*About this task*
Using the entries below, copy exactly each line from the line with "Grandeur Bed" up to and including the line with "oppo-a57-64gb-4gb-ram-single-sim-rose-gold", with every picture left out.

(Short descriptive text snippets)
**********
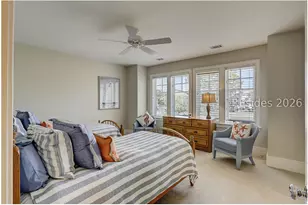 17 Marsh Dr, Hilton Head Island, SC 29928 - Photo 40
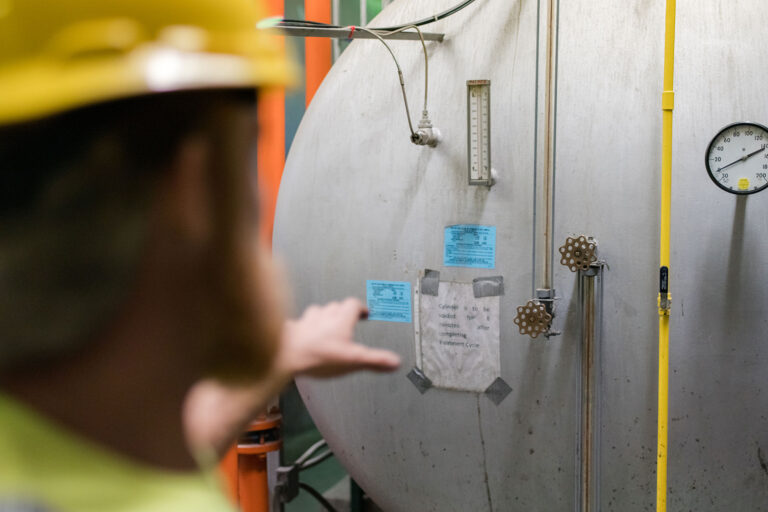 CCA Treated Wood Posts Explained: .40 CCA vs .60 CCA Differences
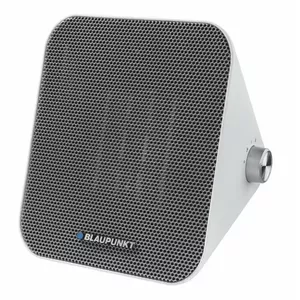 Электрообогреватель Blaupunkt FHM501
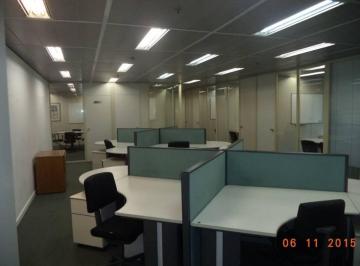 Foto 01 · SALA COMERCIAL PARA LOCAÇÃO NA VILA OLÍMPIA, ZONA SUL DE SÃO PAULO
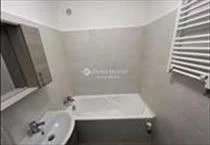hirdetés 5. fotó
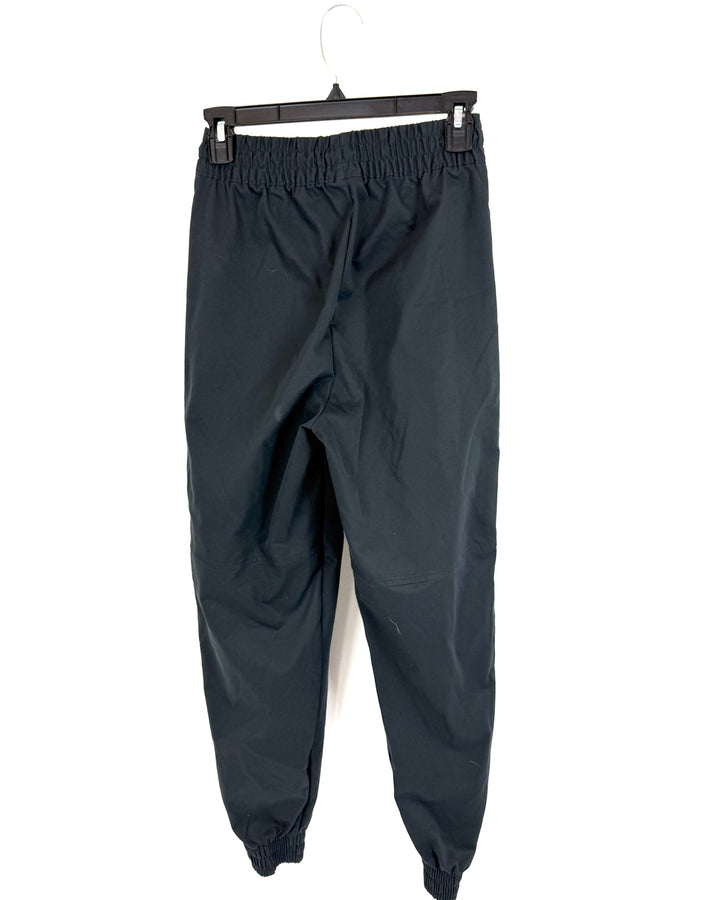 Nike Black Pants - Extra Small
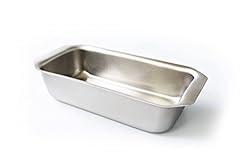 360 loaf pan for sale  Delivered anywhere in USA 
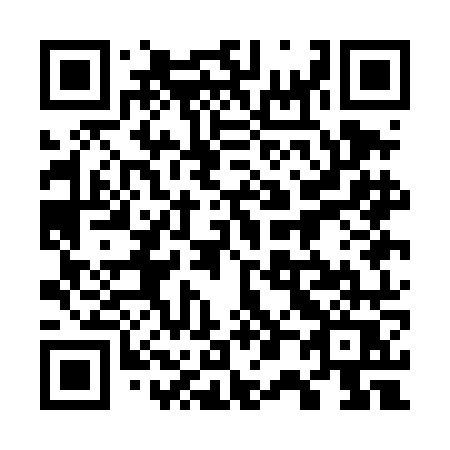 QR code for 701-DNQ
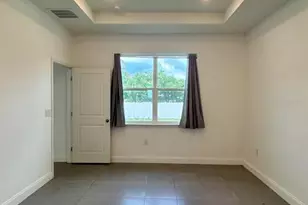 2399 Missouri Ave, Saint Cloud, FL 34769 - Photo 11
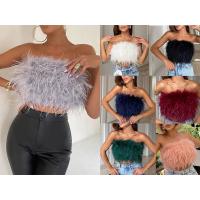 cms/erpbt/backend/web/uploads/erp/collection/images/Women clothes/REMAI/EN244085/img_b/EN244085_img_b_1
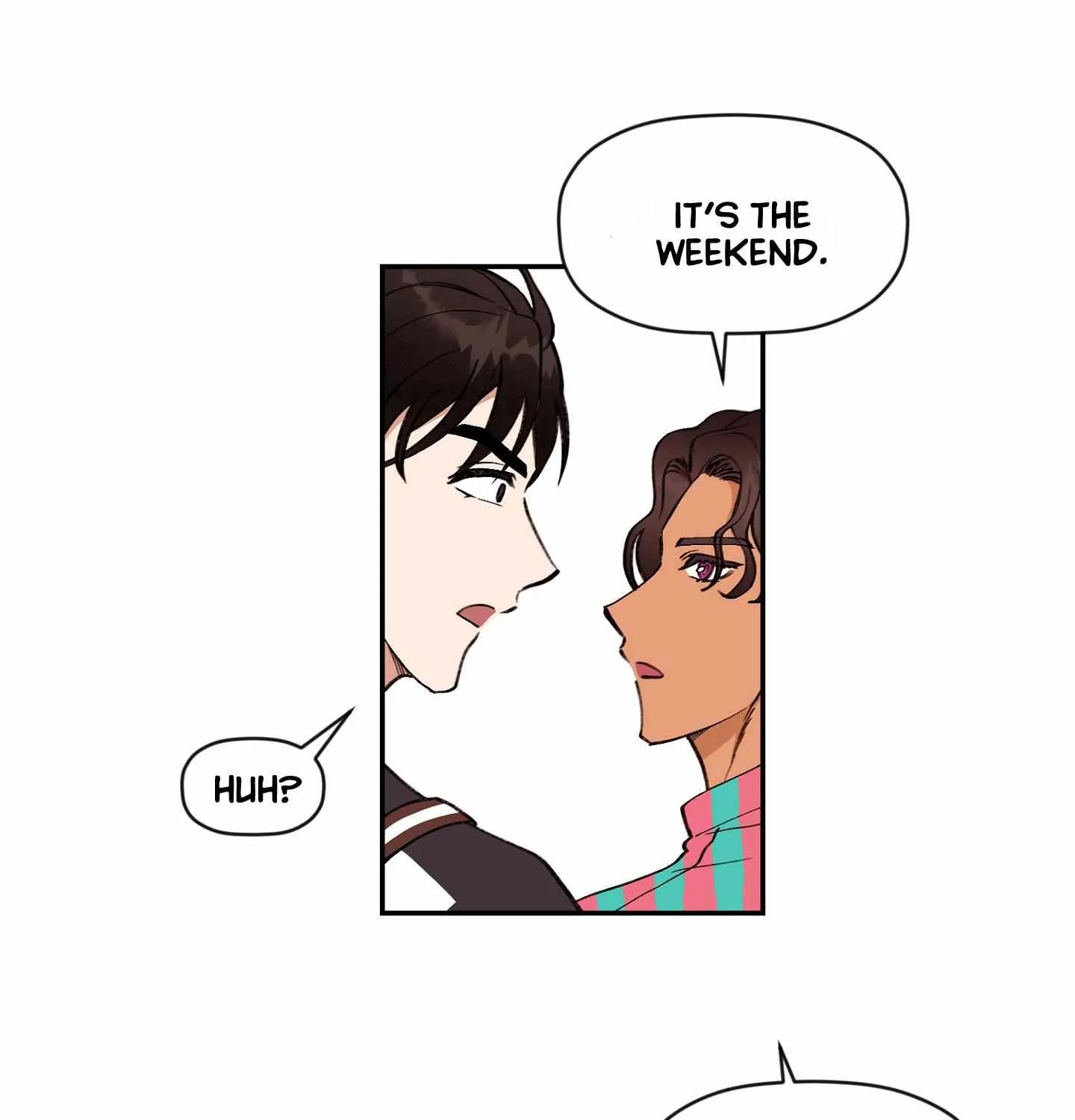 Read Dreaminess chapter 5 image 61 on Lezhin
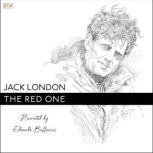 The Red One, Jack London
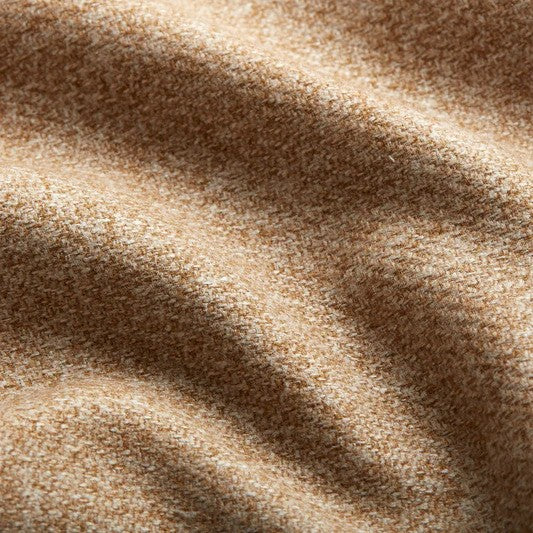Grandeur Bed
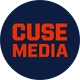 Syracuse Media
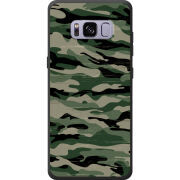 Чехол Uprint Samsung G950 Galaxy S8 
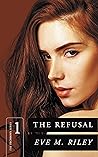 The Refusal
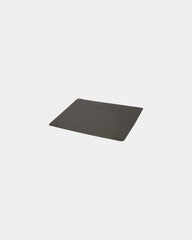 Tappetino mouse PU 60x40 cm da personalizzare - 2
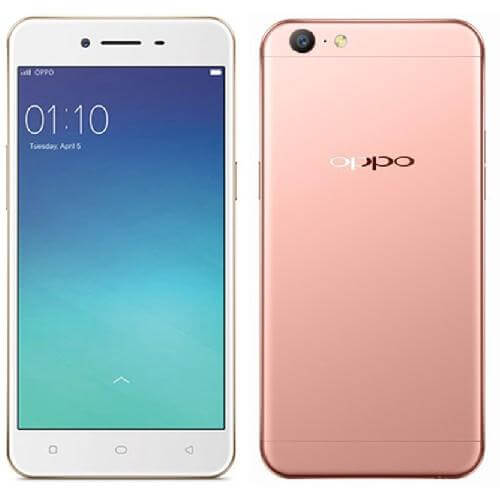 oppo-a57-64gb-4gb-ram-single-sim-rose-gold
**********
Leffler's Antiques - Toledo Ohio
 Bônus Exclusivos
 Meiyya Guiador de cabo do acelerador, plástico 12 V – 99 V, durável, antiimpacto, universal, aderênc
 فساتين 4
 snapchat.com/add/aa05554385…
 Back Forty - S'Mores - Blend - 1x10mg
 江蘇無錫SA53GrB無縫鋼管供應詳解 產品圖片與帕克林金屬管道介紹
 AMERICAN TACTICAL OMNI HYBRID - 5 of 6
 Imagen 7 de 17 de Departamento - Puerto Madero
**********
*Answer to the problem*
Grandeur Bed
 Syracuse Media
 Чехол Uprint Samsung G950 Galaxy S8 
 The Refusal
 Tappetino mouse PU 60x40 cm da personalizzare - 2
 oppo-a57-64gb-4gb-ram-single-sim-rose-gold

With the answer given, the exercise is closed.